__EXERCISE DATA__.
☆ ☆ ☆ ☆ ☆
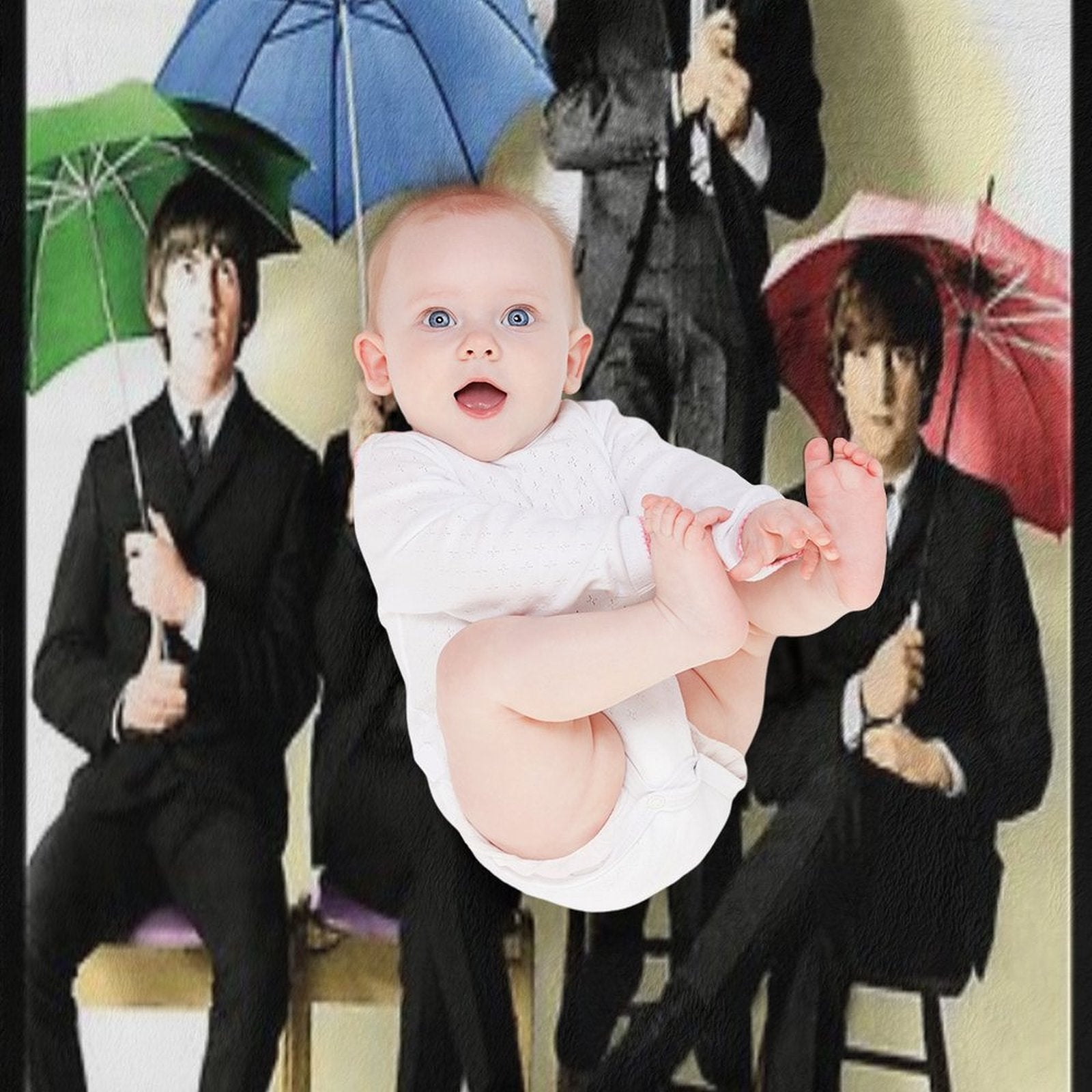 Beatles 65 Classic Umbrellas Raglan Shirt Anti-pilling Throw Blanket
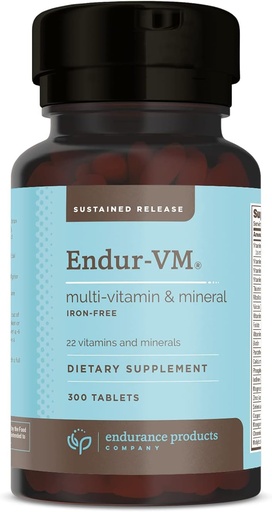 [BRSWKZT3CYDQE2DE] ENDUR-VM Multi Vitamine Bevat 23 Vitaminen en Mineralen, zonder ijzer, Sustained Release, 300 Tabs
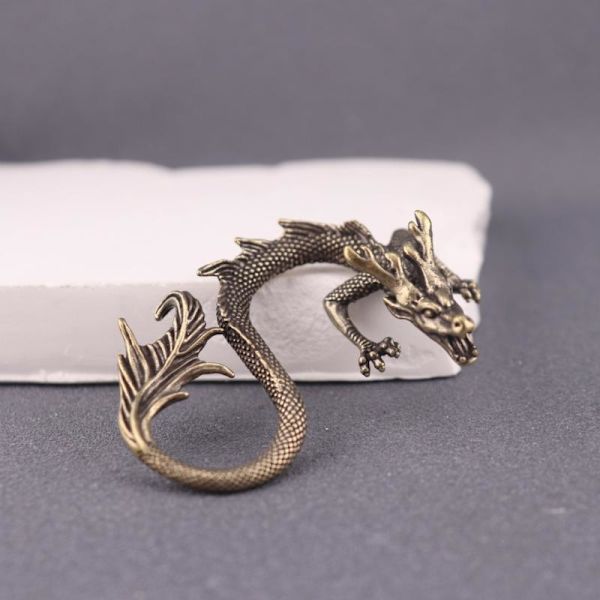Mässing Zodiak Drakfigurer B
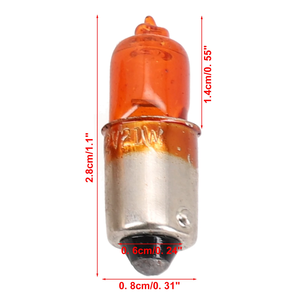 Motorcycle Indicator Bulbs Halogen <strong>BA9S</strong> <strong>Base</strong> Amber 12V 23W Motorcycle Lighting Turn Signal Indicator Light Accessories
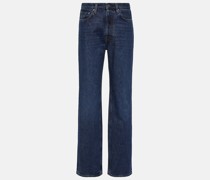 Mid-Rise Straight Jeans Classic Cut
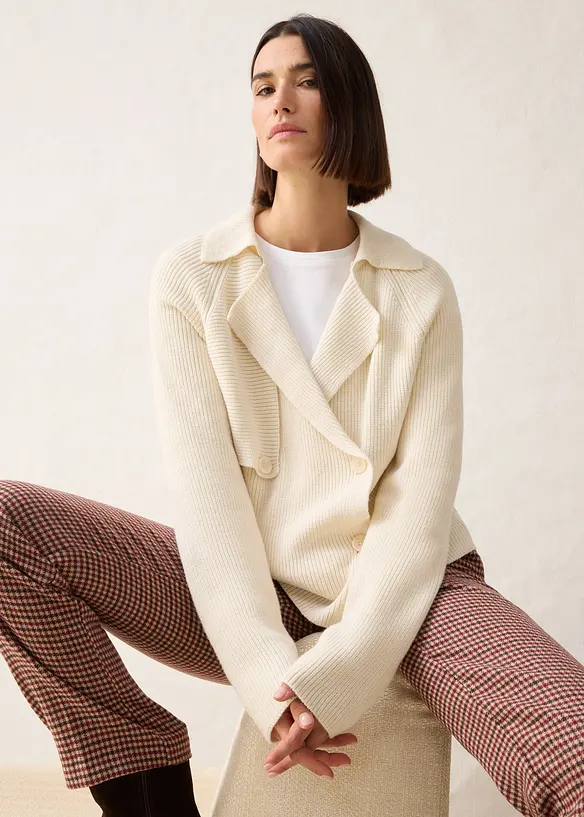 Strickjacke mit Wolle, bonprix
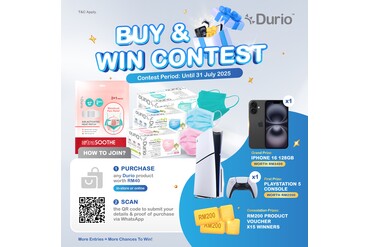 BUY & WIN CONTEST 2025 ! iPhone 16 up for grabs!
☆ ☆ ☆ ☆ ☆
__EXERCISE OBJECTIVE__. All the lines above should be reproduced exactly, and none of the pictures.

__ANSWER SPACE__.
 Beatles 65 Classic Umbrellas Raglan Shirt Anti-pilling Throw Blanket
 [BRSWKZT3CYDQE2DE] ENDUR-VM Multi Vitamine Bevat 23 Vitaminen en Mineralen, zonder ijzer, Sustained Release, 300 Tabs
Mässing Zodiak Drakfigurer B
 Motorcycle Indicator Bulbs Halogen <strong>BA9S</strong> <strong>Base</strong> Amber 12V 23W Motorcycle Lighting Turn Signal Indicator Light Accessories
 Mid-Rise Straight Jeans Classic Cut
 Strickjacke mit Wolle, bonprix
 BUY & WIN CONTEST 2025 ! iPhone 16 up for grabs!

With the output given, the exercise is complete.